I found a great blog post detailing numerous legal ways to listen to and download music online. From Digital Alchemy via LifeHack:
Free online music used to be like the Wild West of the Internet with services like Napster dominating the field during the bubble. Now, as the Internet has matured, new models for distributing music are coming together.
But who’s going to pay for all this free, legal music? A common answer to this pesky question is advertising, but some justify it as a marketing cost and some are still silent on how exactly they’ll make this “new” business model work.
But the important part is that you can take advantage of their generosity right now by downloading or listening to as much music as you can handle.
There isn’t a music corporation out there that understands how to sell music online in a user-friendly and truly compelling way. (Amazon just nudged ahead of the pack in my opinion with their new digital music store, but they aren’t perfect either).
There are varying degrees of legality, frustration and confusion surrounding the music industry’s conception of how music should be sold and distributed online in this Jetson-esque world we live in. The ridiculous terms & conditions and laughable privacy policies on corporate web servers are idiotic at best (and violations of personal privacy as a worse case scenario).
The concept of a physical medium for music is fading blindingly fast. 8-tracks are only seen in 1970s dream sequences in movies. Cassette tapes are quaint and kitschy like 80’s sit-coms. Vinyl, for some strange reason, is in a trendy resurgence, but still scarce - thanks, in part, to techno DJs. And sales of compact discs are plummeting like our president’s approval rating. Music collections are now measured by the Gigabyte (mine hovers around 40).
The only time I listen to actual CDs is in my vehicle. And the only reason for that is because I don’t have a decent MP3 player installed yet (those wacky radio transmitter gadgets don’t work very well in a city like Houston, filled to the brim with radio waves.)
I would say 80-90% of my music consumption is in digital format. Are mp3s as crisp and vibrant as other formats of music? Probably not. Can I tell the difference? Not really. I just want to rock (like the dudes in Man-O-War from the photo above.)
My entire music collection (several hundred albums) fits onto my iPod with room to spare for contacts, photos, podcasts, notes, etc. I couldn’t imagine carrying a wheel-barrow full of CDs around with me instead of this tiny little device. For convenience alone, digital is the way to go.

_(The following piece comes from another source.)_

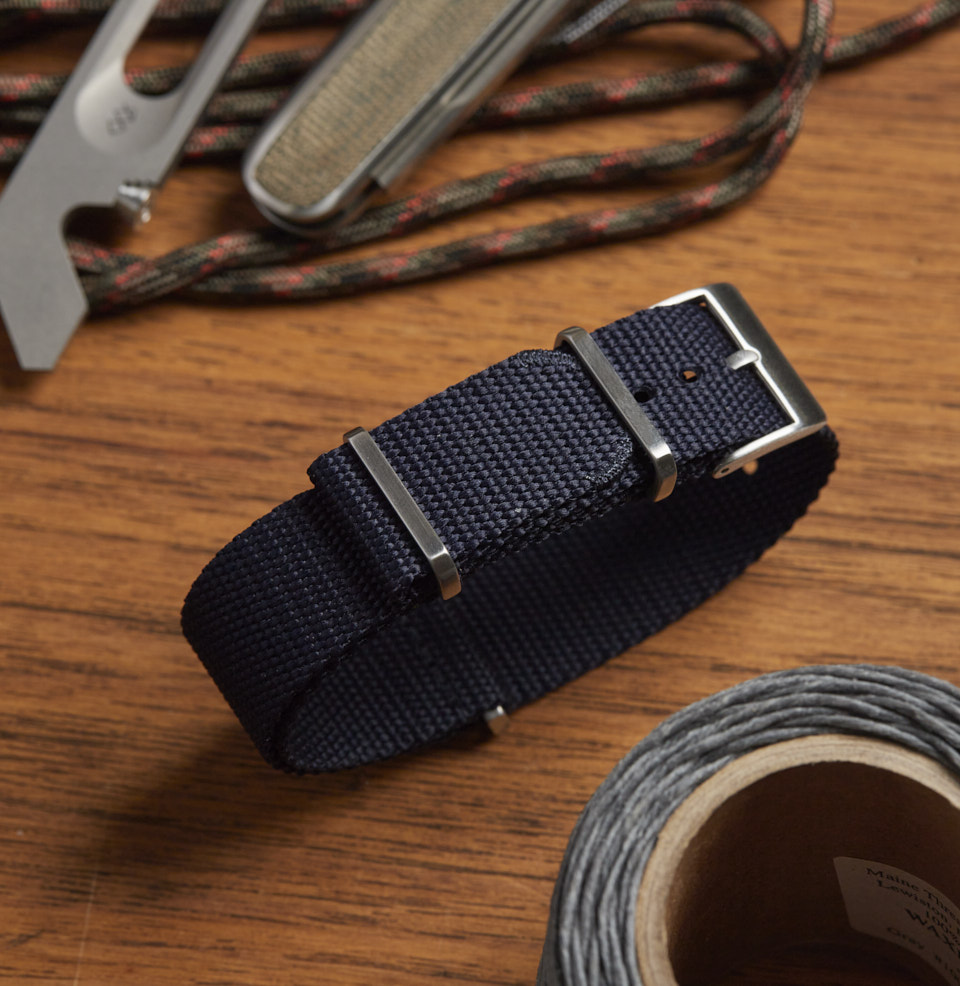 Matte Supreme Mil-Straps 316L Steel Hardware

What did I do before the iPod? I carried a handful of CDs and a portable CD player when I traveled. It was a pain. Even those little nylon cases didn’t hold more than a few dozen CDs.
What did I do before that? I carried a few 90 minutes mix tapes and a walkman.
What did I do before that? I listened to vinyl albums on our stereo at home and traveled with a small AM/FM radio.
God bless the internet. It has become much easier to find great music; and much easier to wade through the terrible music to find that good music than ever before. So check out all the legal sites where you can download and/or listen to music online legally.
- Dave
P.S. - I haven’t even touched upon all the illegal ways you can find music online. But I would never think of partaking in nafarious methods like that. Really.